Aprendí que en Misiones, donde vivió la familia, hay animales bastante ponzoñosos y hace calor y llueve mucho. Que pasaron una linda infancia mi madre y sus hermanos correteando en esos lugares. Que la abuela horneaba ricas galletas y tenía finos manteles y cristalería para las ocasiones especiales, como se usaba en otros tiempos.
Cabellera enmarañada, cuerpo vibrando aún por el movimiento de la moto y cuando llegamos a la Avenida donde vivo, un retén de policía. Estos controlan que no manejes borracho, me dijo Gonzalo. Me bajé de la moto, le dije adiós, y con el estilo de ranchera cándida que me caracteriza a veces, le grité: ¡La pasé muy bonito, gracias por la cerveza!

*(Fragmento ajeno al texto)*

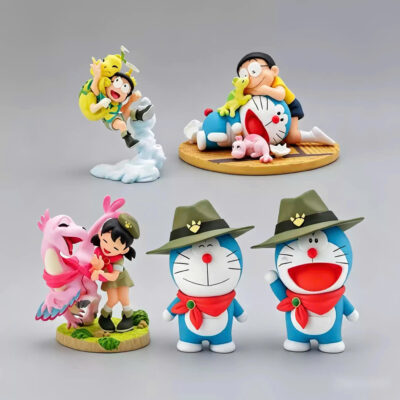 Mô hình figure set: Doraemon Bộ 5 Con - Khủng Long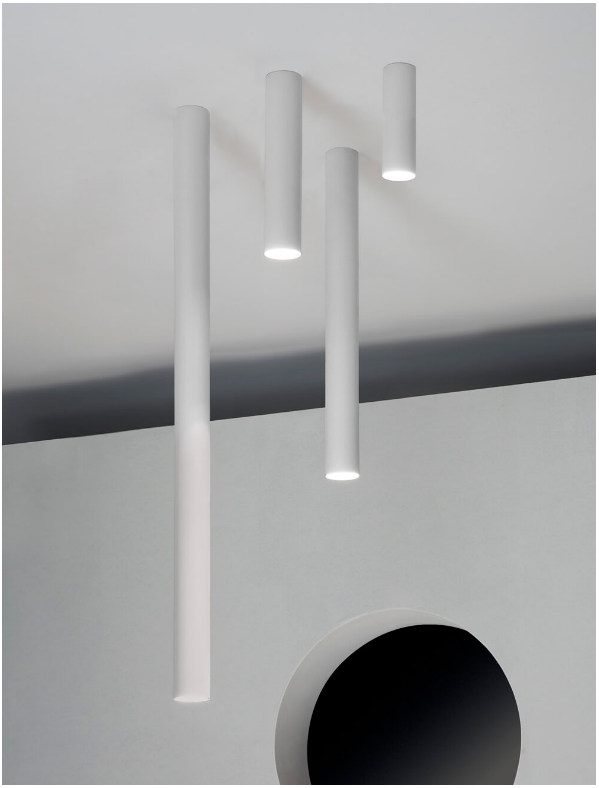 A Tube Ceiling Light by Lodes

Pero parece que sólo les dio risa y lo dejaron ir.

2 comentarios:

Anónimo dijo...

JAJAJAJA MI AMIGA, CON TANTAS OPCIONES, Y TERMINASTE TODOLOGA VIAJERA....
HERMOSA DESPEDIDA, MUY A SU ESTILO

José Antonio dijo...

Inevitablemente somo lo que hemos hecho, la gente que conocimos, aquello que hemos mirado, somos nuestro pasado y ello en suma es el presente y demarcara las desiciones de lo que haremos en nuestro porvenir.
En todo ello, fundamentalmente nos debemos a nuestros ancestros, por lo menos, en cuanto a la existencia.

Este relato honra lo que somos como humanos.